Sur la plaine, hantée par une chaleur aux chaînes tenaces, les vaches sombres du Val d’Hérens sous un soleil d’airain. Elles avancent au son de leurs lourdes cloches, pénitentes en chemin vers la gloire sans qu’on sache vraiment si elles en ont conscience. Certaines ont des robes d’un noir profond, lumineux.
D’autres sont d’un marron lustré patiné comme un meuble de vieille famille qu’on entretient pieusement dans la légendes des mannes ancestrales. Et toutes sont massives et dégagent une puissance tranquille taillée dans le bronze des Dieux de l’Olympe. Les lourdes cloches sont tenues par de larges ceintures en cuir, ceinture de force des lutteurs de foire. Chacune sur leurs flancs musclés porte un numéro peint en blanc. Les cornes sont parfois épointées.
L’arène où elles vont se combatre est couverte de sable et des gradins tout autours. Une foule enthousiaste fond sous le soleil impitoyable en une clameur bon enfant quand les stars entrent dans l’enclos, accompagnées par leurs propriétaires entraîneurs. Vache contre vache, toutes les deux seules dans l’arène. Il ne manque que la musique d’Enio Moricone pour soutenir cette dramaturgie païenne très western lent, si lent…
Les deux vaches se jaugent mais du coin de l’œil, un peu par en dessous, mine de rien. Elles grattent la terre violement, soulevant la poussière sèche comme les taureaux de combat le font devant le toréador. Et puis… et puis on a l’impression que l’une pense, mais qu’elle est moche cette grosse vache en plus elle pue et l’autre non, j’y crois pas, elle va pas oser quand même, si, elle chie, la dégueulasse que voilà… Ah, c’est du grand spectacle naturel !
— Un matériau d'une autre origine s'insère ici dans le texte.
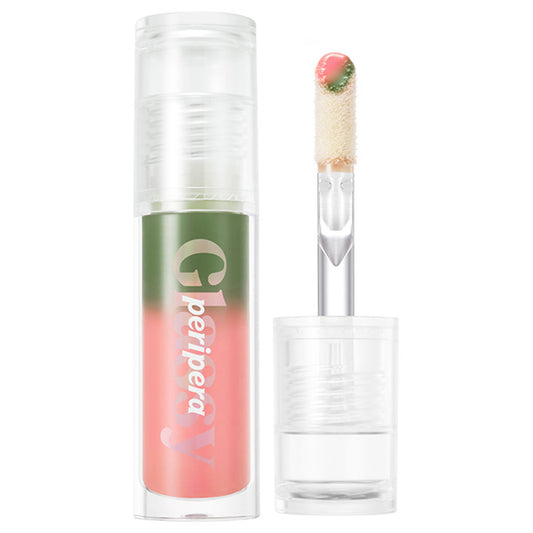 PERIPERA Ink Glasting Lip Gloss (23 Pink Matcha), 4.5ml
Et elles se regardent toujours sans vraiment le faire, une hume le vent, l’autre tête basse fait celle qui ne voit rien, cela peut durer de longues minutes et soudainement, une fonce et l’autre se sauve en criant, mais elle est malade celle là. C’est fini, en 15 secondes, le combat est fini. L’une a gagné, l’autre qui s’est barrée vite fait a perdu. Pas de sang, pas de blessées, les clameurs de la foule en délire et de grands coups de cloches ponctuent la scène.